Zhang Chao, Bijlard Jochem, Staiger Christine, Scollen Serena, van Enckevort David, Hoogstrate Youri, Senf Alexander, Hiltemann Saskia, Repo Susanna, Pipping Wibo, Bierkens Mariska, Payralbe Stefan, Stringer Bas, Heringa Jaap, Stubbs Andrew, Bonino Da Silva Santos Luiz Olavo, Belien Jeroen, Weistra Ward, Azevedo Rita, van Bochove Kees, Meijer Gerrit, Boiten Jan-Willem, Rambla Jordi, Fijneman Remond, Spalding J Dylan, Abeln Sanne
Department of Computer Science, Vrije Universiteit Amsterdam, Amsterdam, 1081 HV, Netherlands.
The Hyve, Utrecht, 3511 MJ, Netherlands.
F1000Res. 2017 Aug 16;6. doi: 10.12688/f1000research.12168.1. eCollection 2017.

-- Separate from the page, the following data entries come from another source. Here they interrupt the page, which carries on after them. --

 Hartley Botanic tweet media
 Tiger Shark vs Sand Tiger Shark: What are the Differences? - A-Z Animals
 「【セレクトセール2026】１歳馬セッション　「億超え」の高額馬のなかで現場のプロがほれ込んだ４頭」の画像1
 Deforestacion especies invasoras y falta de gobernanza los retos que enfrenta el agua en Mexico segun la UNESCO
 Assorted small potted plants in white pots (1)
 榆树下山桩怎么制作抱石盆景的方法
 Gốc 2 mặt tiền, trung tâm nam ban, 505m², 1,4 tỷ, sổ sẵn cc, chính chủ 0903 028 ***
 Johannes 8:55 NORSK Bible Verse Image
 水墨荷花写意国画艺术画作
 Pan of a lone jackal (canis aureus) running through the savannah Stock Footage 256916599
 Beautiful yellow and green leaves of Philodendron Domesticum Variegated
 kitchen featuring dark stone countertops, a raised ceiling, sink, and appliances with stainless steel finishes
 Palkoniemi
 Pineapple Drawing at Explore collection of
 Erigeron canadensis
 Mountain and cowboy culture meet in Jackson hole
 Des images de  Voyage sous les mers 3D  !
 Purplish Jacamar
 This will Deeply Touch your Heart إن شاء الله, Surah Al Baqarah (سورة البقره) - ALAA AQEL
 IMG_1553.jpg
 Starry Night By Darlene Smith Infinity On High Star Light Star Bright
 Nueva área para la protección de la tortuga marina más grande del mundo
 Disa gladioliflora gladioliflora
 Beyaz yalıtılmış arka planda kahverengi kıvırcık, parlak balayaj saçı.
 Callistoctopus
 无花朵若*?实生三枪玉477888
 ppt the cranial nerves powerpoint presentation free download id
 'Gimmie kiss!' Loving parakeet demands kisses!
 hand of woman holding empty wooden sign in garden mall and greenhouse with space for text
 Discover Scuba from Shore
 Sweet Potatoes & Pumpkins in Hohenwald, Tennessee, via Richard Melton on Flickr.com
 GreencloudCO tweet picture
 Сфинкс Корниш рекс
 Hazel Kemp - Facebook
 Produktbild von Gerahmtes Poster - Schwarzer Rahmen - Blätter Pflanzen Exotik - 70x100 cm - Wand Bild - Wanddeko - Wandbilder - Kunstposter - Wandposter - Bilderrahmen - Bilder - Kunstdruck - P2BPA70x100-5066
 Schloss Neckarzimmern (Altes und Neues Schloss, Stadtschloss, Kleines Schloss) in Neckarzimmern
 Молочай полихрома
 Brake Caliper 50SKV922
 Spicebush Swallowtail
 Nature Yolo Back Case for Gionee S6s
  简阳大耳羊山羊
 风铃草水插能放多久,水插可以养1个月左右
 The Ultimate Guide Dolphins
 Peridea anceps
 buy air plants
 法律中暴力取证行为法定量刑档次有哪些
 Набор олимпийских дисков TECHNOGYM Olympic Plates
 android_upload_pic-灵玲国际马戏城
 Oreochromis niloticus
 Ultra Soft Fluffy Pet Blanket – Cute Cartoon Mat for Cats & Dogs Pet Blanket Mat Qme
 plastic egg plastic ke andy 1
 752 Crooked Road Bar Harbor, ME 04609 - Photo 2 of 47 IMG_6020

The availability of high-throughput molecular profiling techniques has provided more accurate and informative data for regular clinical studies. Nevertheless, complex computational workflows are required to interpret these data. Over the past years, the data volume has been growing explosively, requiring robust human data management to organise and integrate the data efficiently. For this reason, we set up an ELIXIR implementation study, together with the Translational research IT (TraIT) programme, to design a data ecosystem that is able to link raw and interpreted data. In this project, the data from the TraIT Cell Line Use Case (TraIT-CLUC) are used as a test case for this system. Within this ecosystem, we use the European Genome-phenome Archive (EGA) to store raw molecular profiling data; tranSMART to collect interpreted molecular profiling data and clinical data for corresponding samples; and Galaxy to store, run and manage the computational workflows. We can integrate these data by linking their repositories systematically. To showcase our design, we have structured the TraIT-CLUC data, which contain a variety of molecular profiling data types, for storage in both tranSMART and EGA. The metadata provided allows referencing between tranSMART and EGA, fulfilling the cycle of data submission and discovery; we have also designed a data flow from EGA to Galaxy, enabling reanalysis of the raw data in Galaxy. In this way, users can select patient cohorts in tranSMART, trace them back to the raw data and perform (re)analysis in Galaxy. Our conclusion is that the majority of metadata does not necessarily need to be stored (redundantly) in both databases, but that instead FAIR persistent identifiers should be available for well-defined data ontology levels: study, data access committee, physical sample, data sample and raw data file. This approach will pave the way for the stable linkage and reuse of data.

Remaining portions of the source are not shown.